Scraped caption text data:
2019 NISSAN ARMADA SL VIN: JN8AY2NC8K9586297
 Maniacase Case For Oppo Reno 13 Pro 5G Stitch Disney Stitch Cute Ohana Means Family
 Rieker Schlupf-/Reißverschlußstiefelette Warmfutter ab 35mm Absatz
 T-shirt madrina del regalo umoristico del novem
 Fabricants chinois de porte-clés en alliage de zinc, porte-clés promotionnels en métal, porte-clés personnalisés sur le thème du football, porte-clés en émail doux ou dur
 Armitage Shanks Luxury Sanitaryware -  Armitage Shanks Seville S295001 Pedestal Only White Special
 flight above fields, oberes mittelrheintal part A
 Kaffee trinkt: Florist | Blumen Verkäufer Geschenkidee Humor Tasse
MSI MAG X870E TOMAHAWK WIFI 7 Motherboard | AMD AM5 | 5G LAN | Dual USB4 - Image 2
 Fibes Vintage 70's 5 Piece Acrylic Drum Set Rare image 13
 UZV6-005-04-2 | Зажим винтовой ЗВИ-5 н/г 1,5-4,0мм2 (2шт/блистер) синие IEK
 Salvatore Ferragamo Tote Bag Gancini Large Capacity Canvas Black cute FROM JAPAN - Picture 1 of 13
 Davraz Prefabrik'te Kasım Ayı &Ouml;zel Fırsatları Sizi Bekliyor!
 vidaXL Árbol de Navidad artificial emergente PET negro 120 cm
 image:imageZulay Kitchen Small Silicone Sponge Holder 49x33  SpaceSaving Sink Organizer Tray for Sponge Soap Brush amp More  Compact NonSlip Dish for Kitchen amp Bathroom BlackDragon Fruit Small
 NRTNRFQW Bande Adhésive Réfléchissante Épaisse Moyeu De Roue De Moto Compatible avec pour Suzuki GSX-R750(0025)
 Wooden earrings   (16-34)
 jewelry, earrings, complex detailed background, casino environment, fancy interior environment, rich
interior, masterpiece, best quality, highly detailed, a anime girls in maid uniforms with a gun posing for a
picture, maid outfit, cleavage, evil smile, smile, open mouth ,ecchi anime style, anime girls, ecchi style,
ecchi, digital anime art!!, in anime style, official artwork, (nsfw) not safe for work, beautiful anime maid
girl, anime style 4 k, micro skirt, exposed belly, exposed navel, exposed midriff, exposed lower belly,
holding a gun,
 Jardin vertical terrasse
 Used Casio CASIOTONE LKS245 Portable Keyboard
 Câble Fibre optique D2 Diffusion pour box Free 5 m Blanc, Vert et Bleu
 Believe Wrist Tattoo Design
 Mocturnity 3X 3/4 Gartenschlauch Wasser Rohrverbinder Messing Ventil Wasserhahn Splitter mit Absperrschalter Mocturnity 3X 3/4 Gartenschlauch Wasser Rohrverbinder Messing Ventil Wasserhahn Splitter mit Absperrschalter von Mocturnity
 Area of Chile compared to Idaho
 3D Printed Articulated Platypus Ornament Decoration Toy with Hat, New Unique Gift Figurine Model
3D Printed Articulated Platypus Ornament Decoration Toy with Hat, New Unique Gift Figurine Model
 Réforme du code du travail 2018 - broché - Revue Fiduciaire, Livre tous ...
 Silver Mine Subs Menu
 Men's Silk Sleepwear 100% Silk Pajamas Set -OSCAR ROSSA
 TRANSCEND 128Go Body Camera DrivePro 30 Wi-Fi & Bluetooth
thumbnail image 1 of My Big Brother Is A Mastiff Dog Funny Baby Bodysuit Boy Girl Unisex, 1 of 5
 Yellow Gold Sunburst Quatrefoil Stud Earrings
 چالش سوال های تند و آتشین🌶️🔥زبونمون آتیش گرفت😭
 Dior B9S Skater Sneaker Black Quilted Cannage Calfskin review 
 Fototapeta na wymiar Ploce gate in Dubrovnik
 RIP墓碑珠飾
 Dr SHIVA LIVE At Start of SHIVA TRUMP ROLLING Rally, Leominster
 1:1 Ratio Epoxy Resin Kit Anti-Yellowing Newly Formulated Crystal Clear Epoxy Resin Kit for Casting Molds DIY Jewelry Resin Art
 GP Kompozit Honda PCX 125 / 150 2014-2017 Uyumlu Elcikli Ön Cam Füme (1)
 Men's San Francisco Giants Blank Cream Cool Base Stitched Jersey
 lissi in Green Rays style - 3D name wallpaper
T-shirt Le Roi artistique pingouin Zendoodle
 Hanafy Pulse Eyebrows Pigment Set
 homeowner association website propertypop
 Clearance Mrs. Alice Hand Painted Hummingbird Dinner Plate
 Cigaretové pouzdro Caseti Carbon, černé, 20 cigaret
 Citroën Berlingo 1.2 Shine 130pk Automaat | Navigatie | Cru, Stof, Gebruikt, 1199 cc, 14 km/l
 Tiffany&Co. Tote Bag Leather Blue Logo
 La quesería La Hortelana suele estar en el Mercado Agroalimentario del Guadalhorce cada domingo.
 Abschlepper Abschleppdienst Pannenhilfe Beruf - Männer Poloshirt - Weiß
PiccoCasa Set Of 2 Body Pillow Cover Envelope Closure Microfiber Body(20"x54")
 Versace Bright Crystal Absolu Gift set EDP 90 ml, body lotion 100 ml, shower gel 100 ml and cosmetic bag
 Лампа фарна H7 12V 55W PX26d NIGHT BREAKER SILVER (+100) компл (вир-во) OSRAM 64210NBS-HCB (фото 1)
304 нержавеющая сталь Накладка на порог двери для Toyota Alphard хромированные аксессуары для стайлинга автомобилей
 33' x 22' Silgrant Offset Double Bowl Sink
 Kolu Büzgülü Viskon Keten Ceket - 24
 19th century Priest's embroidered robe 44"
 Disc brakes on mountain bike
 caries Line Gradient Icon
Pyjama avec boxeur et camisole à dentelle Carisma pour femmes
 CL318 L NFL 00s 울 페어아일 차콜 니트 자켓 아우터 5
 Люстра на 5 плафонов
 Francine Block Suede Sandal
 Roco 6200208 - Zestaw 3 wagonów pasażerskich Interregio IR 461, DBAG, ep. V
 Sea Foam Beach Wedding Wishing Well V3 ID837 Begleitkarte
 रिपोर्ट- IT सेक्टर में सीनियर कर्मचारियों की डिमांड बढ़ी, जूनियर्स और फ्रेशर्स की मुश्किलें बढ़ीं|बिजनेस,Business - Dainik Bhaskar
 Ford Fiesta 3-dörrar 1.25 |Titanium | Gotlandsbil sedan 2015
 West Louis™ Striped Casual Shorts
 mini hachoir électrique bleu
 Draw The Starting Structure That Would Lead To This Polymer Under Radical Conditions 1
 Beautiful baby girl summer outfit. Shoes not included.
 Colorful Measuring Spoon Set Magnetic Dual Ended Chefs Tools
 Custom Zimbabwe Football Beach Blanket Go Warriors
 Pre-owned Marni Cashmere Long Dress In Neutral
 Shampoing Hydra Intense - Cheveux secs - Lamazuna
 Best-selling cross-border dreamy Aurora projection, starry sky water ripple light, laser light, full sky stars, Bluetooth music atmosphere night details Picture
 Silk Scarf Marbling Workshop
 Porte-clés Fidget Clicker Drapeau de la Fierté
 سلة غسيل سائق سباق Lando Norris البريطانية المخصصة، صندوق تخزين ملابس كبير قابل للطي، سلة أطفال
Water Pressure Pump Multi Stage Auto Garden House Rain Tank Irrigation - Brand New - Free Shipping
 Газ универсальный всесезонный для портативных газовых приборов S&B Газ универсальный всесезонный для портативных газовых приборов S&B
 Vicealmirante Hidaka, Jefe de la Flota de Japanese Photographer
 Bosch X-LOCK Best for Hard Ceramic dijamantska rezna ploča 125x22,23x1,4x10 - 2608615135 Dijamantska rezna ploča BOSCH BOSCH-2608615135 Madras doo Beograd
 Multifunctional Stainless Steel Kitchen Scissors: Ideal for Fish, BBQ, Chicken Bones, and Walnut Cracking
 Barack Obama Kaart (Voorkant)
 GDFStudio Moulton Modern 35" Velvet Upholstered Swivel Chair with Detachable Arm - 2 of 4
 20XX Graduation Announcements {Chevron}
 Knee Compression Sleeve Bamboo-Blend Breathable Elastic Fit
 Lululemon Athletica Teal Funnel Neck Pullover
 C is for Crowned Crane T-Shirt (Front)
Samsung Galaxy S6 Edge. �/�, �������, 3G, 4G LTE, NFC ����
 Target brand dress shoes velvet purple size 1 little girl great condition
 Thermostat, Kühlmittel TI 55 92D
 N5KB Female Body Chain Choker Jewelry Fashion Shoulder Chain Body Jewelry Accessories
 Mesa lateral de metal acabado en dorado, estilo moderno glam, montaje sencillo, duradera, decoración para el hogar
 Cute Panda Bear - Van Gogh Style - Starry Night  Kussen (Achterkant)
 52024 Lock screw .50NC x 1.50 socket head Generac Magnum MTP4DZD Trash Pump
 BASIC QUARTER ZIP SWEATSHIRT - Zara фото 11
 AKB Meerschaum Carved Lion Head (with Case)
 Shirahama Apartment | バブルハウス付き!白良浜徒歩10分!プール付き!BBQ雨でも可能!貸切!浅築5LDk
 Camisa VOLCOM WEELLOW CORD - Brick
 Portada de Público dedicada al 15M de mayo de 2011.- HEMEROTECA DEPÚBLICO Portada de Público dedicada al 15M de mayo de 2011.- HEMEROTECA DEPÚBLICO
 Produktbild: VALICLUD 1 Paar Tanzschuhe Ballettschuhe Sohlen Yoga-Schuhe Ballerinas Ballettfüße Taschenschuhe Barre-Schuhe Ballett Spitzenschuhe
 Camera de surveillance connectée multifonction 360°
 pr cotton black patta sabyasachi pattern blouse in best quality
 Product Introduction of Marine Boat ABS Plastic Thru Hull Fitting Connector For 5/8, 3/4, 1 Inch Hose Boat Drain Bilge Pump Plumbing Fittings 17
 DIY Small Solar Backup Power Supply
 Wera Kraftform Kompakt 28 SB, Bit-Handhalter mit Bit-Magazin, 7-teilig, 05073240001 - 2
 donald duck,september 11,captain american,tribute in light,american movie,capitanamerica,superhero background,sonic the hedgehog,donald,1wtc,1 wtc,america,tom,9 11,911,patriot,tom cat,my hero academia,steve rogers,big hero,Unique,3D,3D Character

Work instruction: Only the lines above starting at the one containing "Product Introduction of" and ending at the one containing "Wera Kraftform Kompakt", both included, are to be returned, exactly as they read.

Task answer:
 Product Introduction of Marine Boat ABS Plastic Thru Hull Fitting Connector For 5/8, 3/4, 1 Inch Hose Boat Drain Bilge Pump Plumbing Fittings 17
 DIY Small Solar Backup Power Supply
 Wera Kraftform Kompakt 28 SB, Bit-Handhalter mit Bit-Magazin, 7-teilig, 05073240001 - 2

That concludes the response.